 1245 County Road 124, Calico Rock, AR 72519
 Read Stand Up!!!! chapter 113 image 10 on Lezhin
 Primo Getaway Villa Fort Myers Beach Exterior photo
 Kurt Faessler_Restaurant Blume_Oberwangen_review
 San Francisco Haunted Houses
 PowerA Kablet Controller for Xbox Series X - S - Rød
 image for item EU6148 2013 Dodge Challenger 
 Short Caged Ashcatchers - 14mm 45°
---
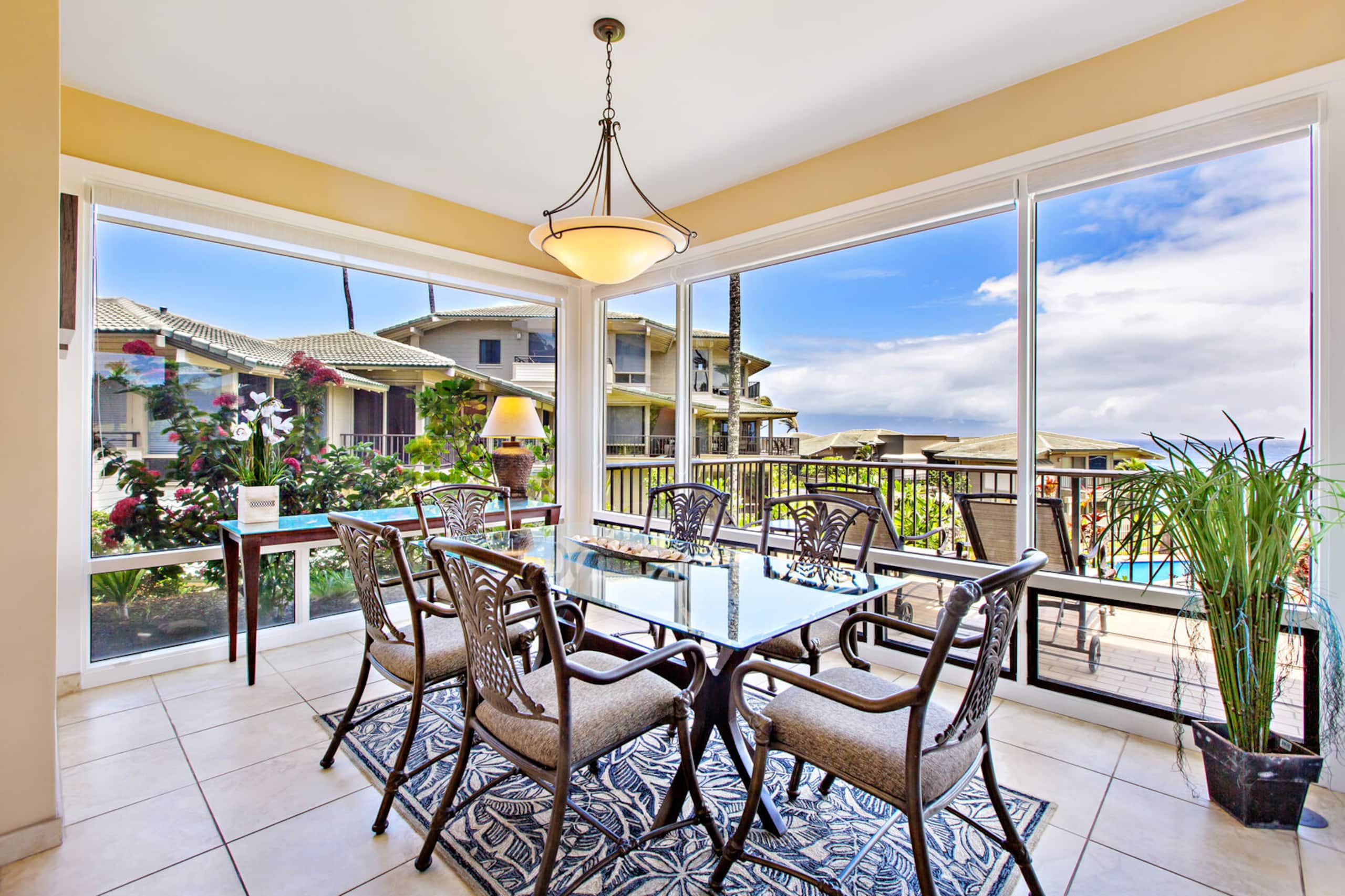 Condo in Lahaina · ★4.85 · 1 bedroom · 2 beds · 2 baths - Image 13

ACTIVITY
Copy out only the lines above from the one with "1245 County Road 124, Calico Rock, AR 72519" to the one with "Short Caged Ashcatchers - 14mm 45°", inclusive, exactly as they stand.

SOLUTION FOR THIS PROBLEM
 1245 County Road 124, Calico Rock, AR 72519
 Read Stand Up!!!! chapter 113 image 10 on Lezhin
 Primo Getaway Villa Fort Myers Beach Exterior photo
 Kurt Faessler_Restaurant Blume_Oberwangen_review
 San Francisco Haunted Houses
 PowerA Kablet Controller for Xbox Series X - S - Rød
 image for item EU6148 2013 Dodge Challenger 
 Short Caged Ashcatchers - 14mm 45°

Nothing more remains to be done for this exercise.